Some storytellers like to tell in tandem. When two people share a story, it is necessary to agree on who will do what and where. For example, one person can be the narrator with the other providing dialogue for all the birds. Or the story can be divided to give each storyteller an opportunity to speak different parts.
I believe this story can be an excellent classroom project for grades K-4. Select one or two children to tell the story, and have some classmates play the parts of Eagle and Wren. By asking the rest of the class to make bird masks to represent different birds, it is possible to include everyone in the production. Even the most reticent students will find this sort of a “show” to be satisfying and non-threatening.

How to Learn and Remember a Story 
Most storytellers have different learning styles. Some people prefer visual (written or picture) recall devices, others reinforce learning through auditory (recorded) prompts, and some folks are more comfortable using kinesthetic (physical movement) methods. There is no right or wrong way to learn, just use the style (or combination of styles) most comfortable for you.
Ideally, storytellers do not memorize stories. A good story is told with an audience, not to it.
The following points may help you learn and remember the stories in your repertoire.
1)  Select a story you find appealing and one you think an audience might enjoy.
2)  Identify the bones (framework) of the story. Don’t bother with lots of descriptions, just consider the characters and main events in the tale. These bones can be written as a short paragraph or two, in outline form or on a rough storyboard format with simple (for-your-eyes-only) drawings. This rough document should be kept as story reference for later use.
3)   Using the tool you selected to record the bones of the story, think of the story sequence and picture the tale in your mind’s-eye.
4)  Put aside your notes and tell the story out loud to yourself to get a good sense of the tale. If you learn kinesthetically, use your body to help express the physical parts as you review the story aloud. Continue doing this until you feel the story come together in your mind. (Some storytellers do a rough recording of the story at this point so they can listen to it. This is helpful for auditory learners.)
5)  Review your story reference tool and make changes that might have taken place during the learning process. (For example, a sequence of events may have changed, or you might have altered a character to move the story along.)
6)  Find a trusted friend or friends to listen to the story. Don’t put pressure on yourself to tell the story as a polished piece, just tell the story simply, as you remember it. Ask your listener(s) for feedback to see if the story made sense, or if sections were unclear.
7)  With the information provided by this person (or people), you now have the information you need to start to polish the story.
8)  Once you are confident the story is clear and the events are firm in your mind, it is time to tell it. With each telling, your story will grow and take on a luster that only occurs after telling a story to a variety of audiences.
9)   The most important part of all this is to have fun with each story you tell. If you don’t like the story, no one else will.

10)  Be fearless and play with your stories as they evolve – each telling will reveal new information to make each story grow.
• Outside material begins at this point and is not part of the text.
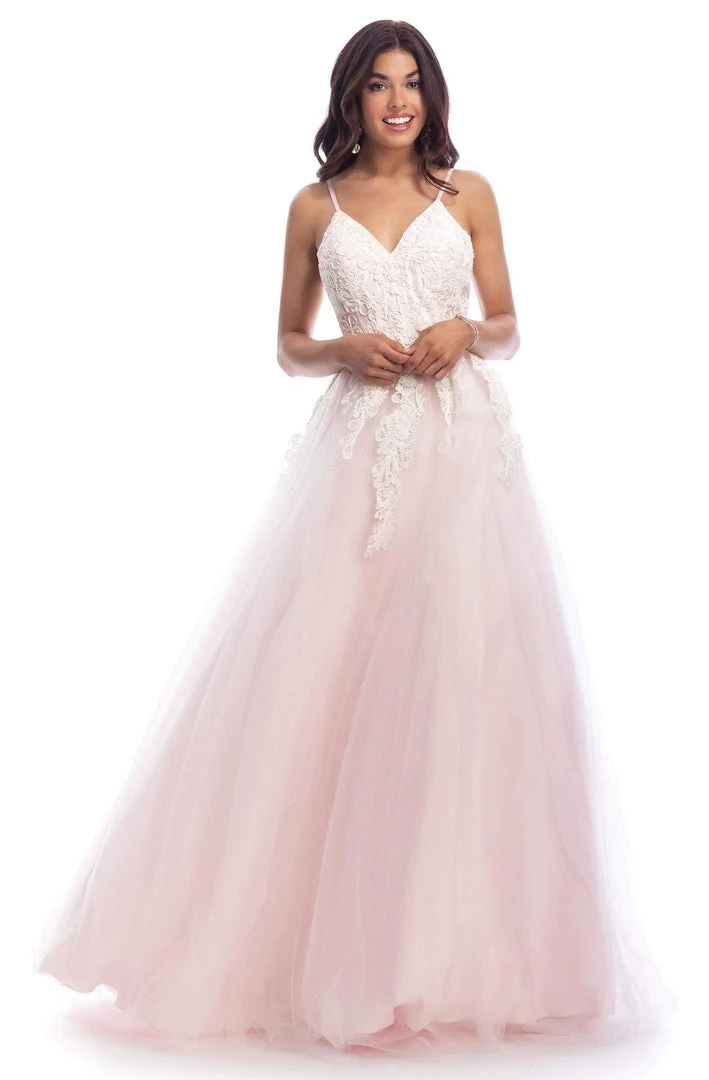 Clarisse - 8034 Sleeveless V Neck Lace Appliqued Tulle Gown 3 Clarisse - 8034 Sleeveless V Neck Lace Appliqued Tulle Gown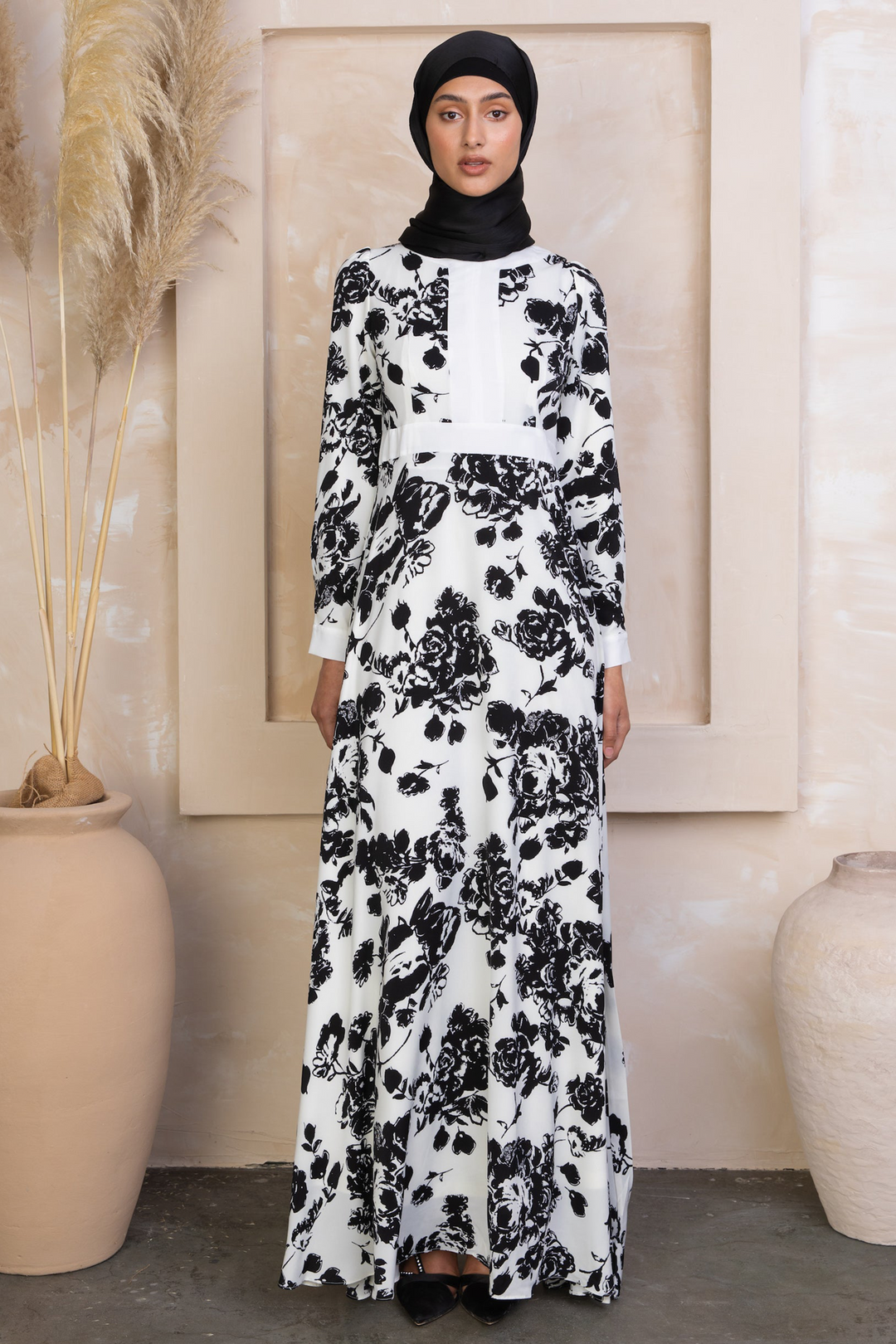 Black and White Floral Maxi Dress featuring elegant sleeves on clearance sale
Uncle Sam "disposable washing machine"

Squirrely Shirley’s “disposable washing machine”
Educational Connections to This Story
SOCIAL STUDIES: If the class is looking at Europe and the country of Wales, “When Wren Was King of the Birds” is an excellent way to introduce this unit of study.
NATURE STUDIES: This tale is a fine way to start an exploration of birds in general.
GEOGRAPHY: By adapting this story to a different area, consider changing the names of the competing birds to those found in a country being reviewed in class. (Be sure to acknowledge the Welsh origin of the tale if you decide to do this.)
ECOLOGY: The story provides an opportunity to start a discussion about extinct or endangered birds and animals around the world.
WRITING and SCIENCE:Ancient folk tales were often developed by creative people trying to explain the world around them. Have students use their imaginations to write a story to explore something they have noticed in nature. (Examples: Why the grass is green; How the sheep got a wooly coat; Why the cactus lives in the desert.) When students write such fanciful tales, they can then compare their stories to scientific answers.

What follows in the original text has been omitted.